Would you return the lines that run from the start of the data below to the line with "Jastuk Za Ratan", both included, exactly as written and without pictures?
─── DATA FOR THIS EXERCISE
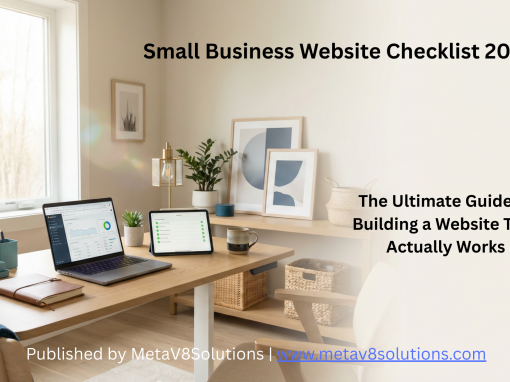 Small Business Website Checklist 2026: The Ultimate Guide to Building a Website That Actually Works
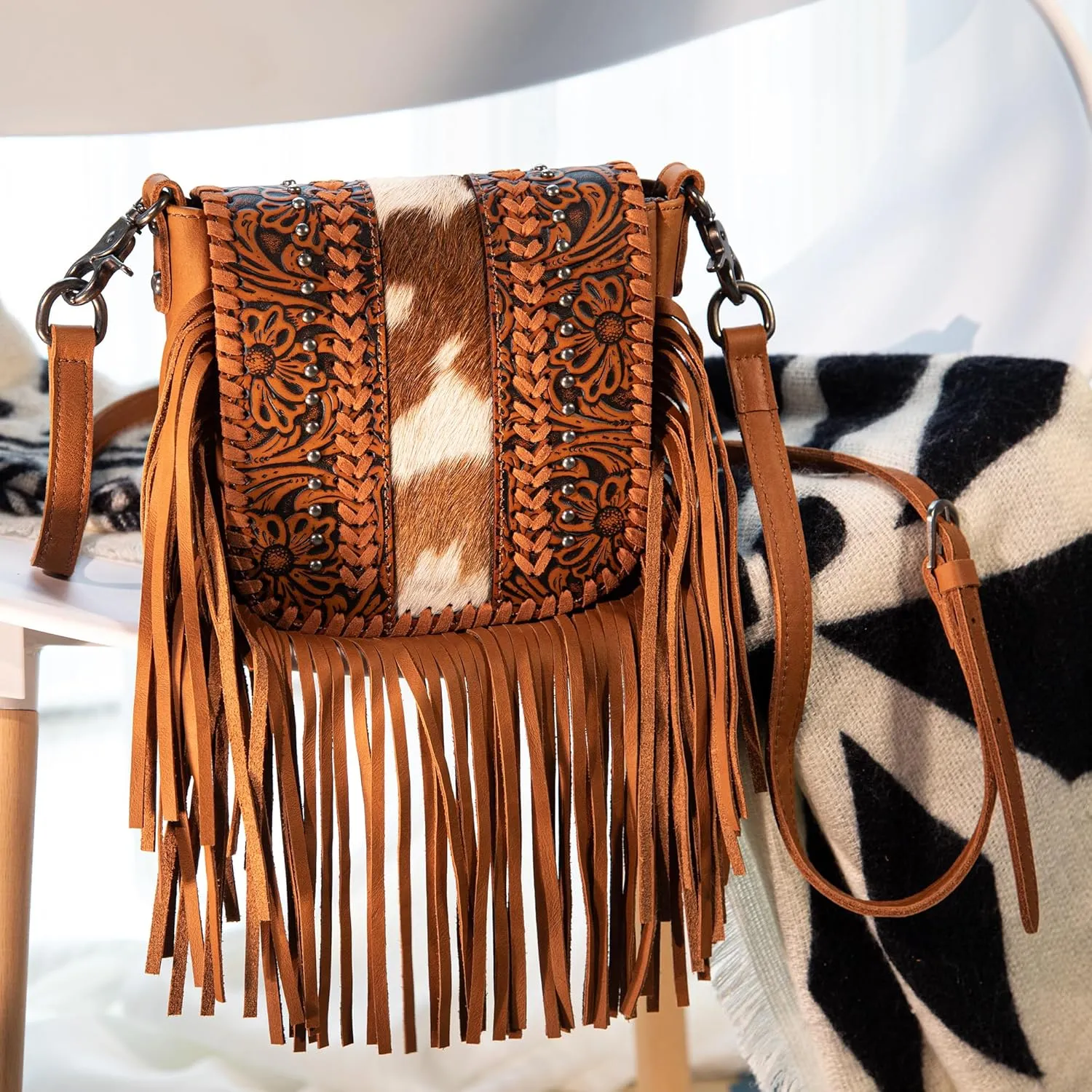 Montana West Fringe Purse Western Purses for Women Crossbody Bag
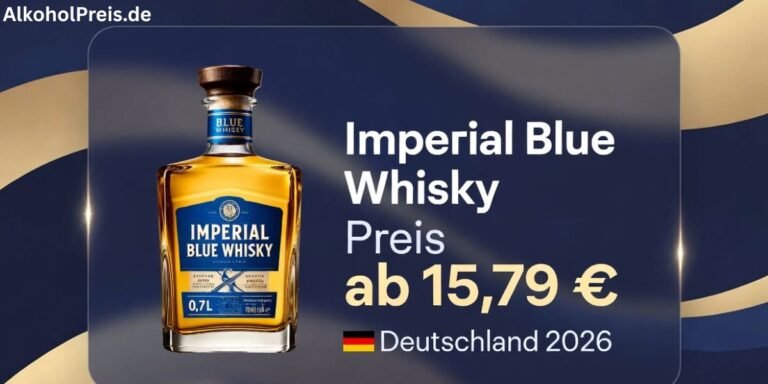 Imperial Blue Whisky Preis
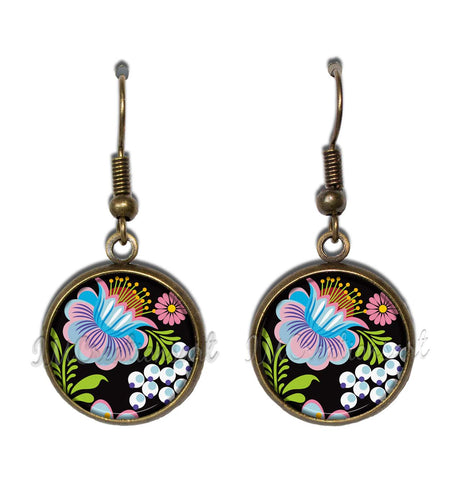 Colorful Oasis Bold Flower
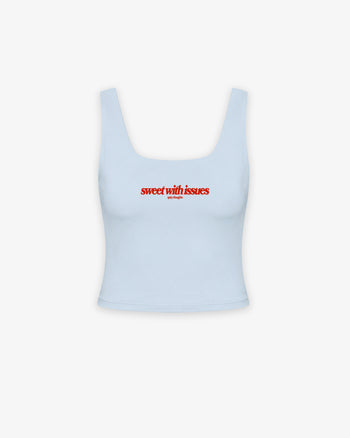 Cropped Top - Sweet With Issues
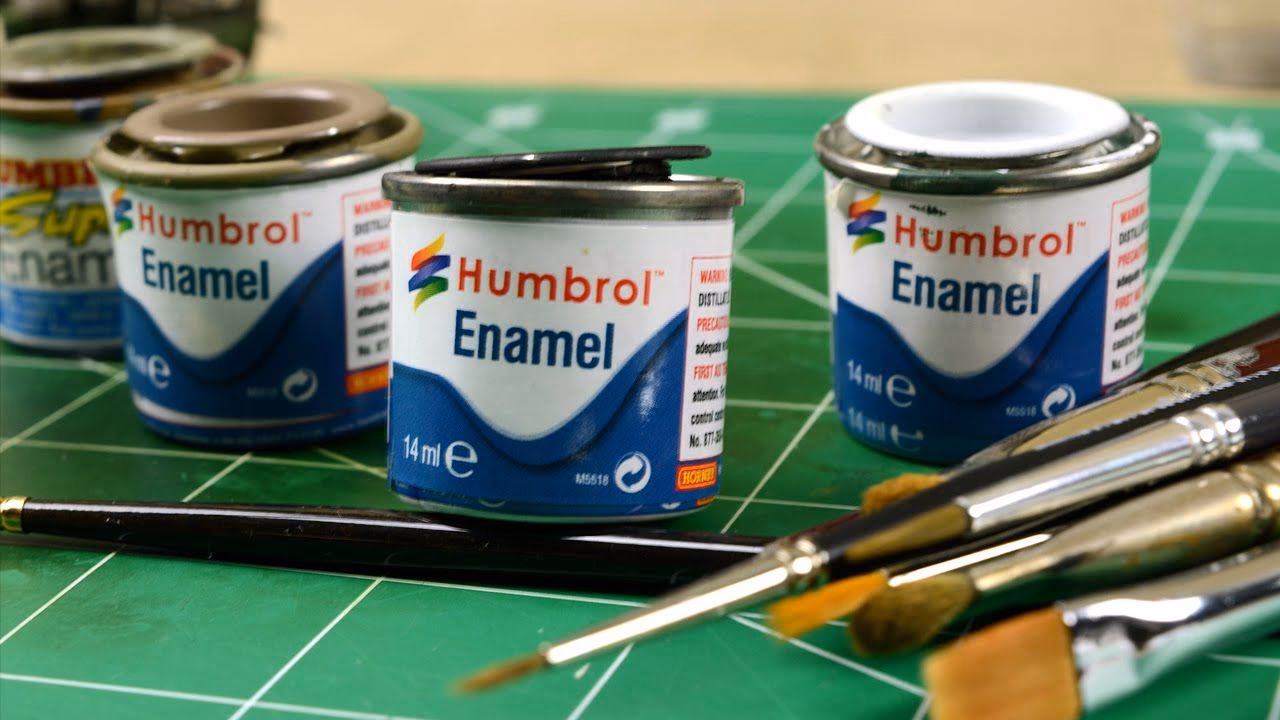 Wat is het beste merk verf voor schaalmodellen?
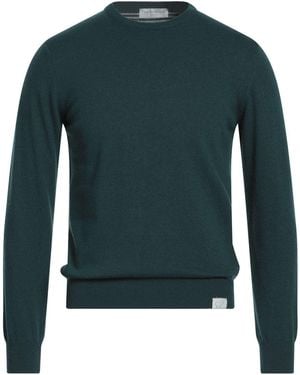 DETWELVE Sweater Wool, Viscose, Cashmere, Polyamide - Blue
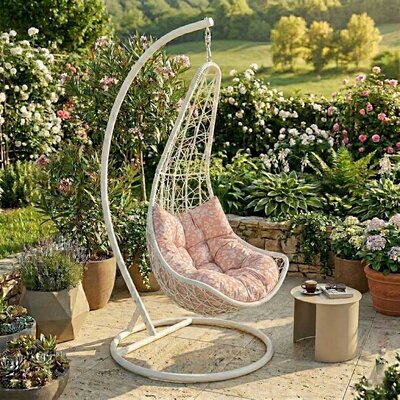 Jastuk Za Ratan Ljuljašku Za Jednu Osobu LITTLE FLOWERS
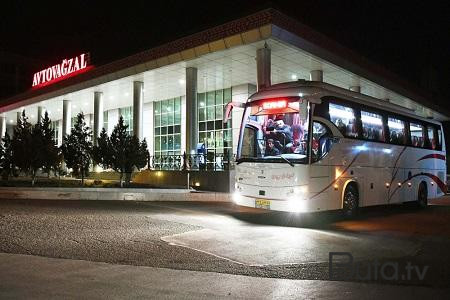  Bakı-Naxçıvan-Bakı avtobus reyslərinin fəaliyyəti dayandırıldı  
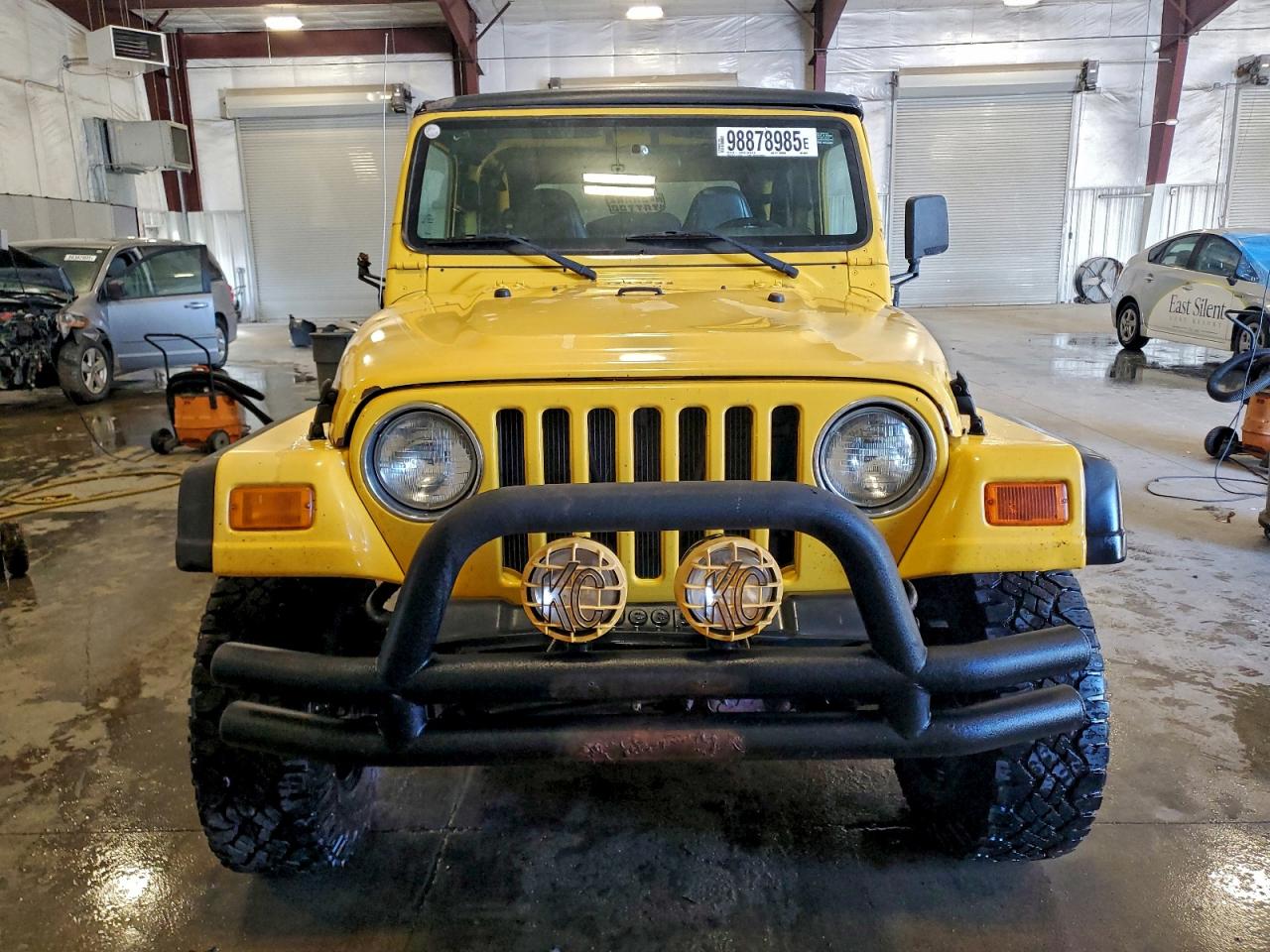 2001 JEEP WRANGLER / TJ SE photo 5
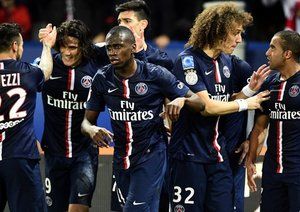 لوکاس مورا|پاریس سن ژرمن 2 - 0 المپیک مارسی / لوشامپیونه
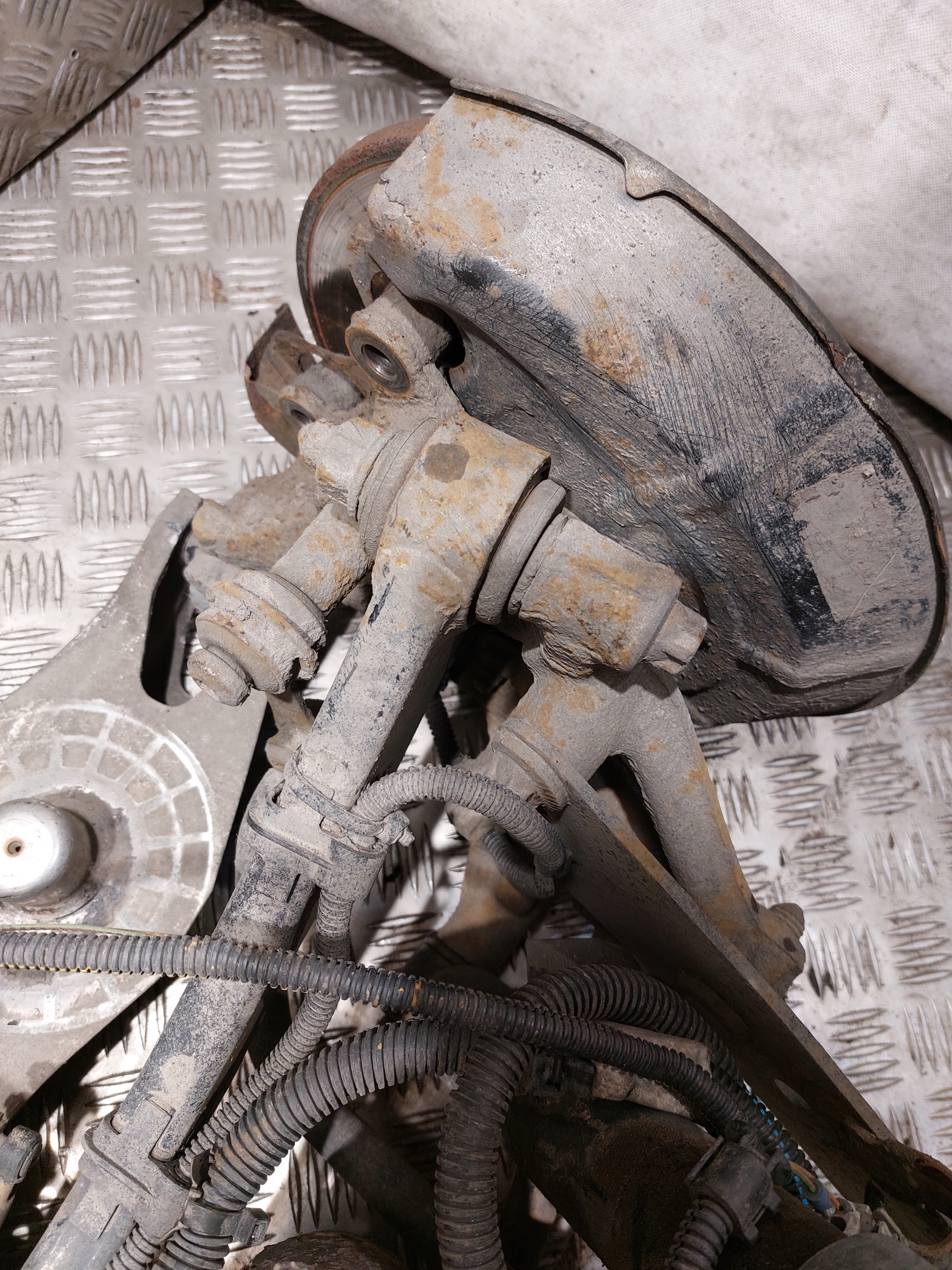 sider axle beam springing rear part OPEL SIGNUM 1.9CDTI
──────
**RESULT OF THE TASK:**
 Small Business Website Checklist 2026: The Ultimate Guide to Building a Website That Actually Works
 Montana West Fringe Purse Western Purses for Women Crossbody Bag
 Imperial Blue Whisky Preis
 Colorful Oasis Bold Flower
 Cropped Top - Sweet With Issues
 Wat is het beste merk verf voor schaalmodellen?
 DETWELVE Sweater Wool, Viscose, Cashmere, Polyamide - Blue
 Jastuk Za Ratan Ljuljašku Za Jednu Osobu LITTLE FLOWERS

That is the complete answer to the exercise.